Use in writing systems
English
Although Middle English spelling used ⟨e⟩ to represent long and short /e/, the Great Vowel Shift changed long /eː/ (as in 'me' or 'bee') to /iː/ while short /e/ (as in 'met' or 'bed') remained a mid vowel. In other cases, the letter is silent, generally at the end of words.
Other languages
In the orthography of many languages it represents either these or /ɛ/, or some variation (such as a nasalized version) of these sounds, often with diacritics (as: ⟨e ê é è ë ē ĕ ě ẽ ė ẹ ę ẻ⟩) to indicate contrasts.
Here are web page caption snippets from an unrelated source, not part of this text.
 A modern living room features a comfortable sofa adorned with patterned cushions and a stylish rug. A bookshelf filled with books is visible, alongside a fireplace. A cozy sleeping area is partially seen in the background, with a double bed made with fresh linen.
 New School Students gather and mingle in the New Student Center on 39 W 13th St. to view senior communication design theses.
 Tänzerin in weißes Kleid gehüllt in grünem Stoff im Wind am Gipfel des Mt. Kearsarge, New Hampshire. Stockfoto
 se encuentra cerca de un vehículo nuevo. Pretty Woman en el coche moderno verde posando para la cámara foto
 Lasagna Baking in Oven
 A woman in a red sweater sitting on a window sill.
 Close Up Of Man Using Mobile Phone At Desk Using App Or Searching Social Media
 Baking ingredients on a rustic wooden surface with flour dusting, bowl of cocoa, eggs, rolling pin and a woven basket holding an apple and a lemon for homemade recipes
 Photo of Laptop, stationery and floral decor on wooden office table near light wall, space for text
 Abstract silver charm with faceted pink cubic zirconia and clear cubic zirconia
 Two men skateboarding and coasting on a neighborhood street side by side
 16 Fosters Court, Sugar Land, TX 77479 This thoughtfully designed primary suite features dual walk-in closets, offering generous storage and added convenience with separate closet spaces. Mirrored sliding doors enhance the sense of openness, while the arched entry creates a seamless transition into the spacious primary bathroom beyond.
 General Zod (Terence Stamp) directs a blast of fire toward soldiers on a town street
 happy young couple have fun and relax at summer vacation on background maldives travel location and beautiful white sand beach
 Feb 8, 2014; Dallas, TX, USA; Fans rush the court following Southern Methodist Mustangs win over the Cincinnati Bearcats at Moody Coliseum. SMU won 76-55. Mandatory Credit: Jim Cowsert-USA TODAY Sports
Less commonly, as in Saanich, ⟨e⟩ represents a mid-central vowel /ə/. Digraphs with ⟨e⟩ are common to indicate either diphthongs or monophthongs, such as ⟨ea⟩ or ⟨ee⟩ for /iː/ or /eɪ/ in English, ⟨ei⟩ for /aɪ/ in German, and ⟨eu⟩ for /ø/ in French or /ɔɪ/ in German.
Other systems
The International Phonetic Alphabet uses ⟨e⟩ for the close-mid front unrounded vowel or the mid front unrounded vowel.
Most common letter
'E' is the most common (or highest-frequency) letter in the English alphabet (starting off the typographer's phrase ETAOIN SHRDLU) and several other European languages, which has implications in both cryptography and data compression. In the story The Gold Bug by Edgar Allan Poe, a character figures out a random character code by remembering that the most used letter in English is E. This makes it a hard and popular letter to use when writing lipograms. Ernest Vincent Wright's Gadsby (1939) is considered a "dreadful" novel, and supposedly "at least part of Wright's narrative issues were caused by language limitations imposed by the lack of E."[7] Both Georges Perec's novel A Void (La Disparition) (1969) and its English translation by Gilbert Adair omit 'e' and are considered better works.[8]
Related characters
Ancestors, descendants and siblings
- 𐤄 : Semitic letter He (letter), from which the following symbols originally derive
- Ε ε : Greek letter Epsilon, from which E derives
- Е е : Cyrillic letter Ye, which also derives from Epsilon
- Є є : Ukrainian Ye
- Э э : Cyrillic letter E
- Ǝ ɘ : Latin letter reversed e
- Ə ə : Latin letter schwa
- Ɛ ɛ : Latin letter epsilon
- ǝ : Latin letter turned e
- ∈ : the symbol for set membership in set theory.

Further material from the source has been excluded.